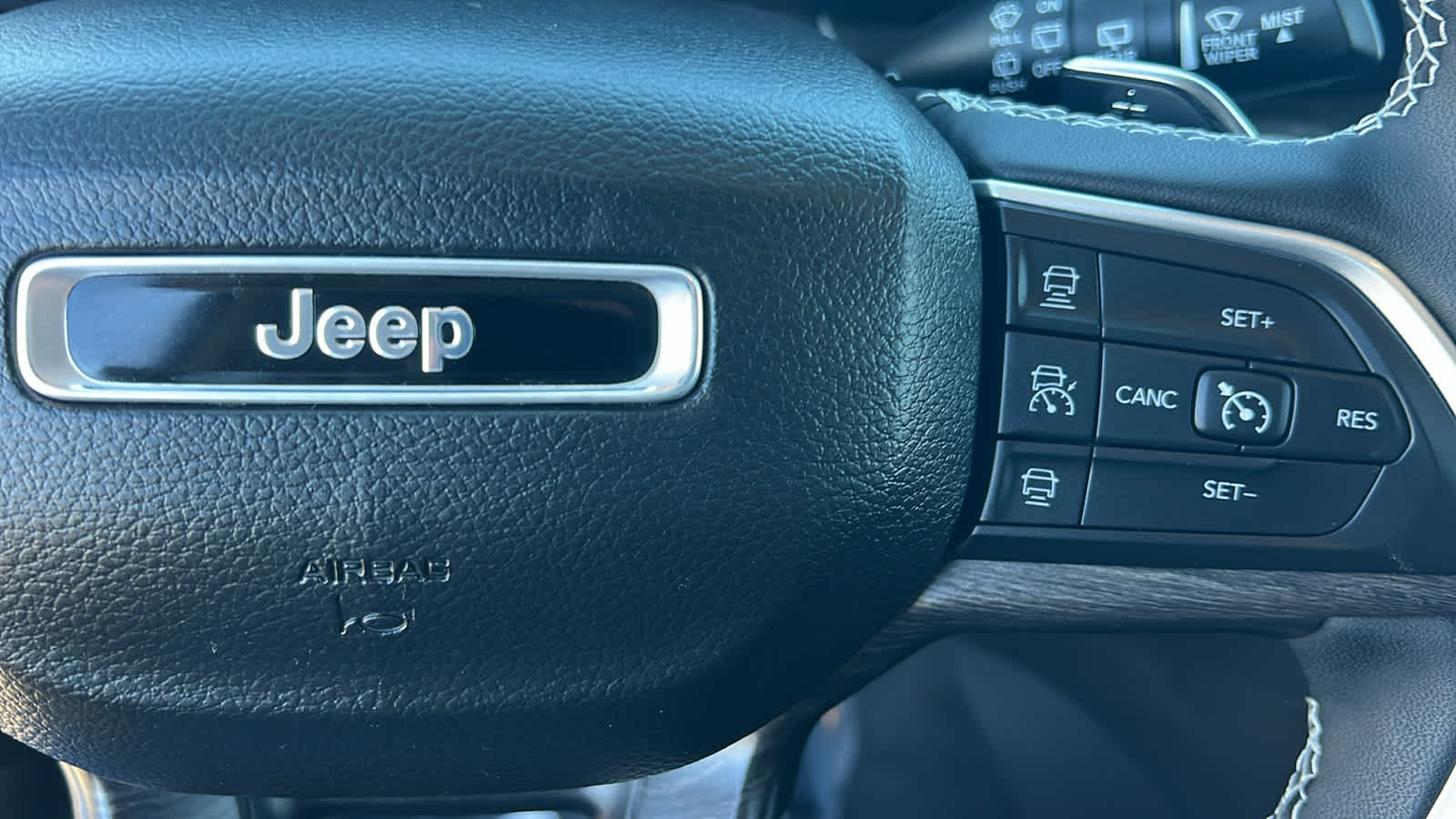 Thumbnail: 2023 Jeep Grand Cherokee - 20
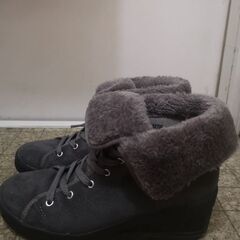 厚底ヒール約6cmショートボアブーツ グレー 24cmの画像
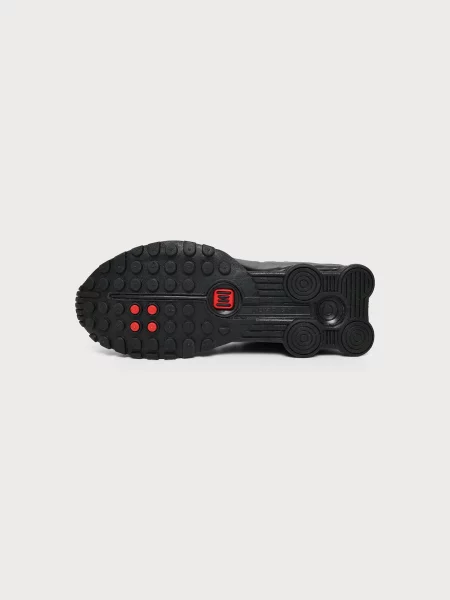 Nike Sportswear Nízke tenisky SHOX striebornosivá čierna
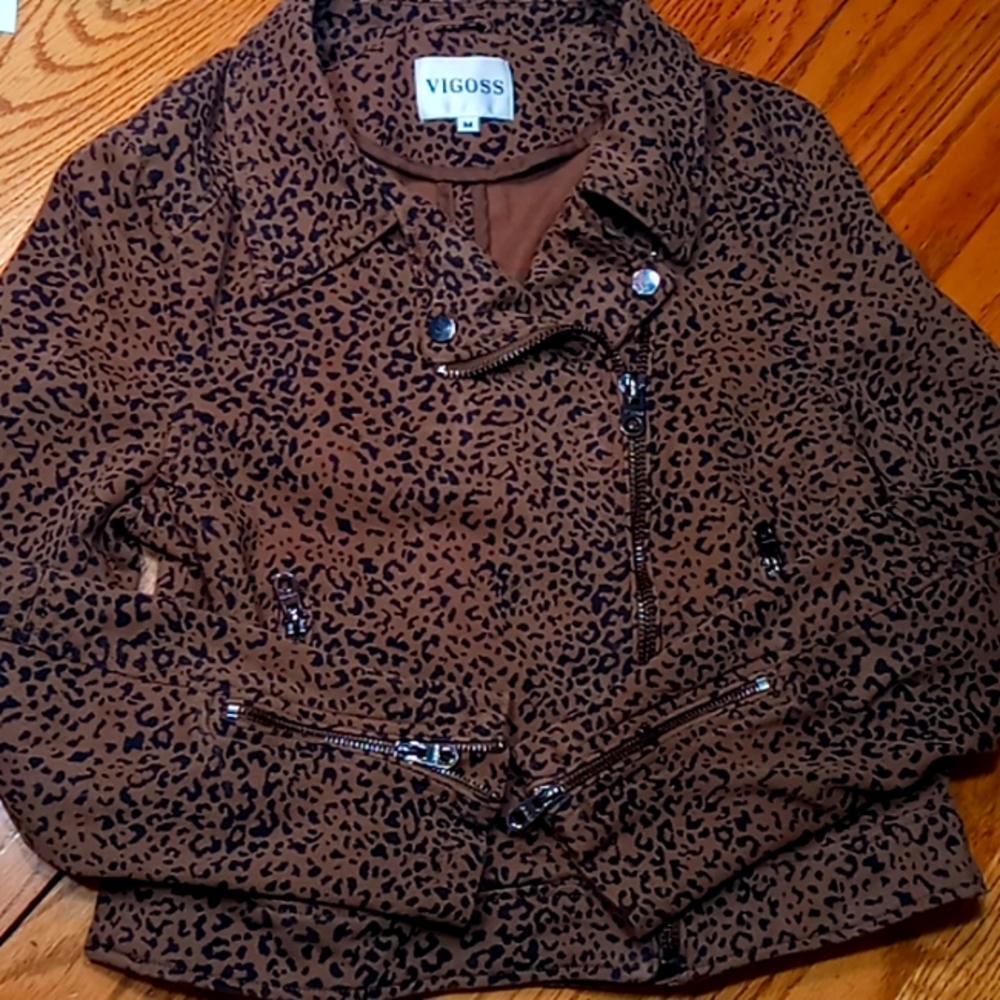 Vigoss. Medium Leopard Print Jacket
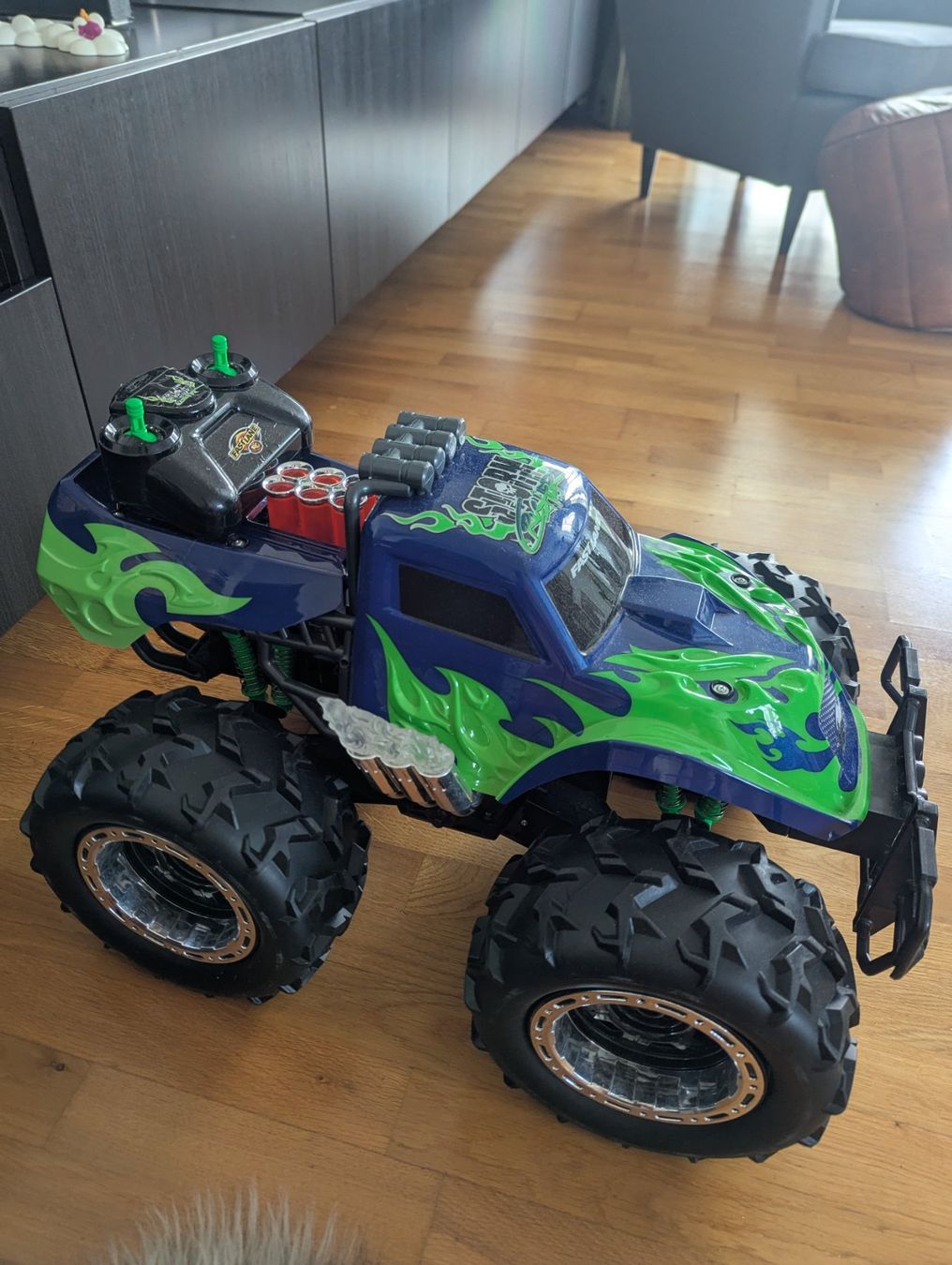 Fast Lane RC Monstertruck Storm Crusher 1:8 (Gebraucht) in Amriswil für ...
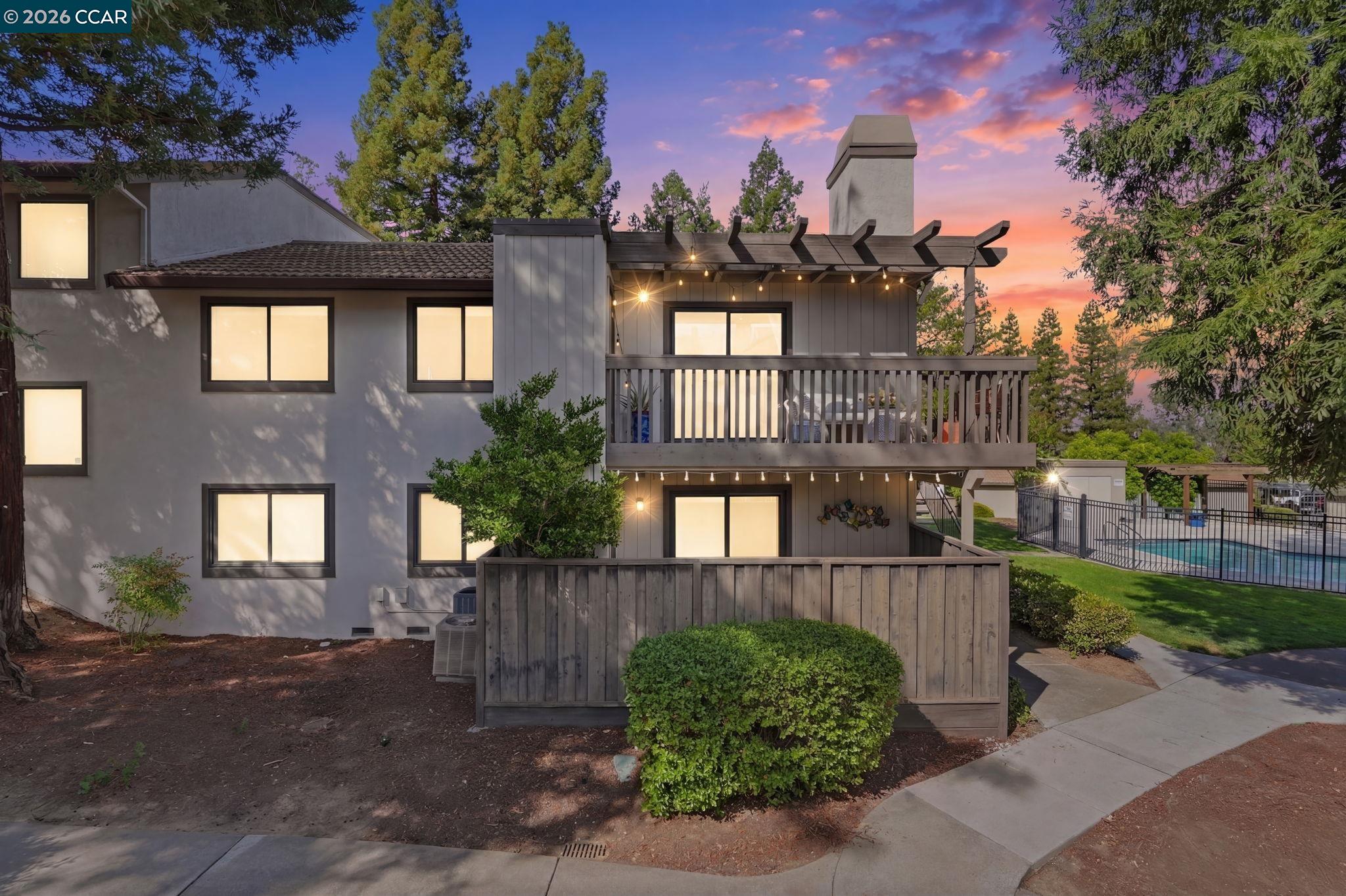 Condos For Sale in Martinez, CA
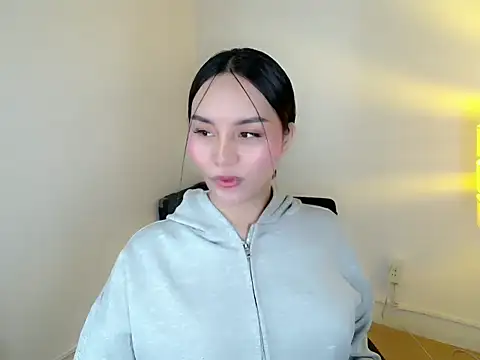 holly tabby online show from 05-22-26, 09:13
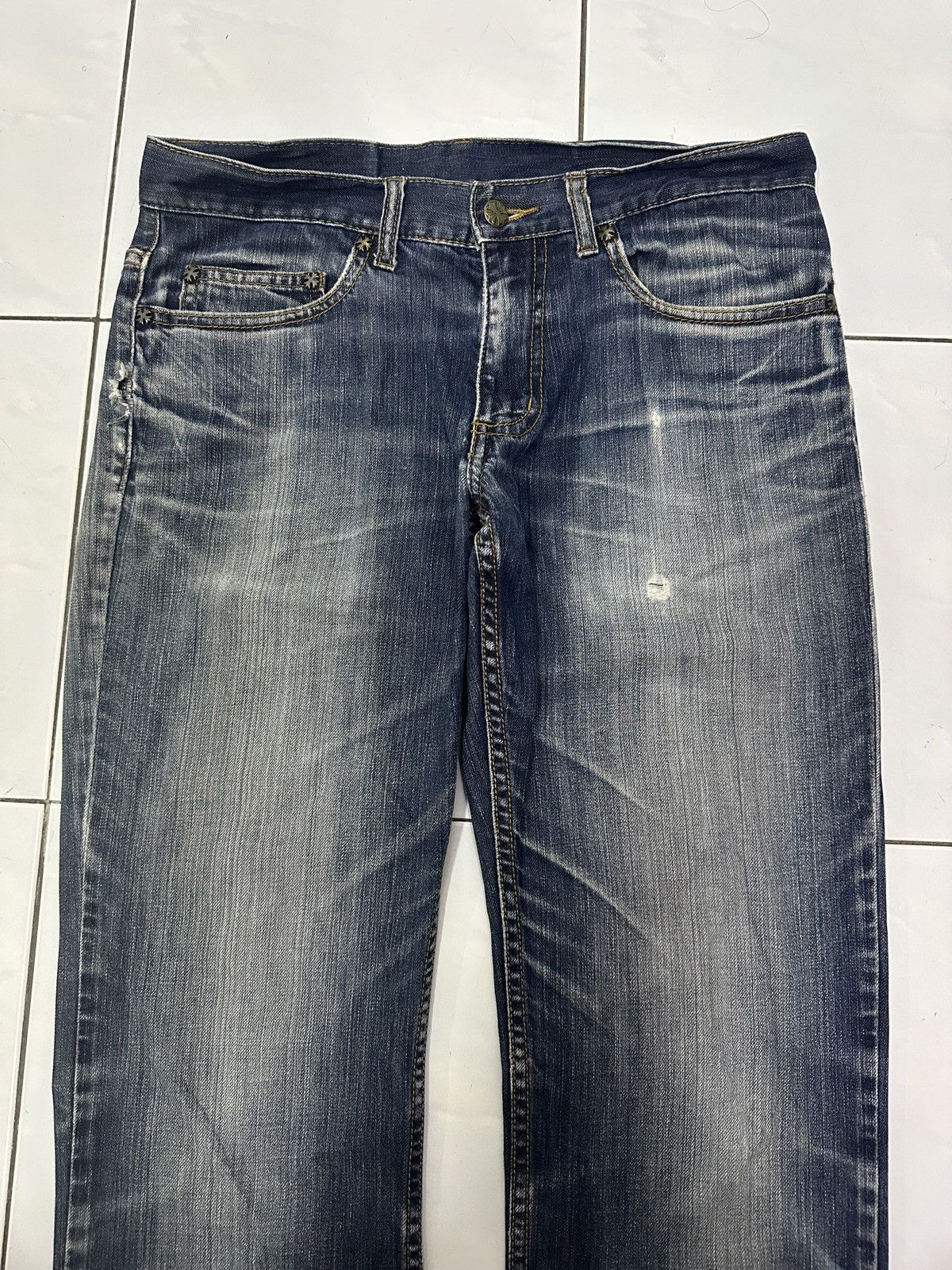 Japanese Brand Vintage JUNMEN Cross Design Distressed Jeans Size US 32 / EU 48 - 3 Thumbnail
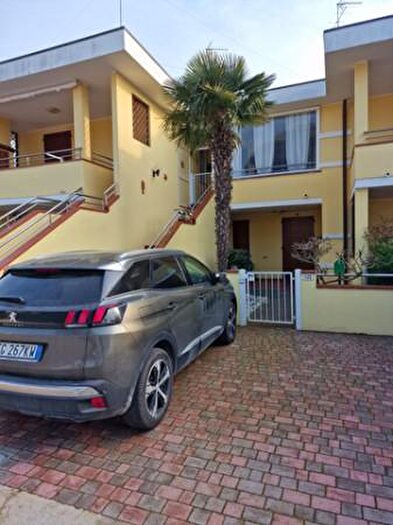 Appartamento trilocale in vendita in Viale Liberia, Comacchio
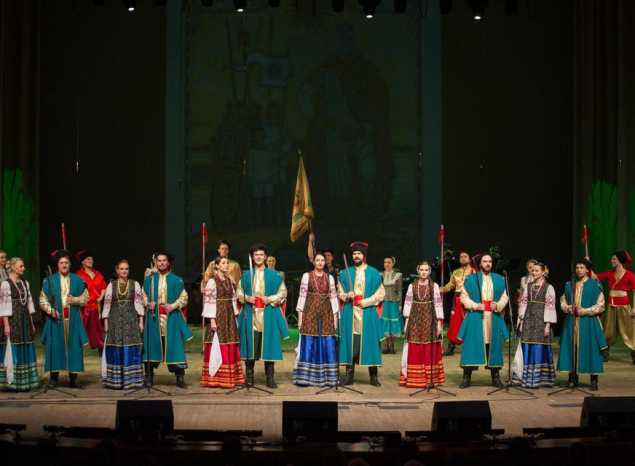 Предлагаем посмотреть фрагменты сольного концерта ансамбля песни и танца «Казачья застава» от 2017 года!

▬▬▬▬▬▬▬▬▬▬

### THE TASK
Please output exactly the lines of the data above, from its first line through the line with "Fast Lane RC", and nothing else; drop the pictures.

### EXERCISE RESPONSE
 Thumbnail: 2023 Jeep Grand Cherokee - 20
 厚底ヒール約6cmショートボアブーツ グレー 24cmの画像
 Nike Sportswear Nízke tenisky SHOX striebornosivá čierna
 Vigoss. Medium Leopard Print Jacket
 Fast Lane RC Monstertruck Storm Crusher 1:8 (Gebraucht) in Amriswil für ...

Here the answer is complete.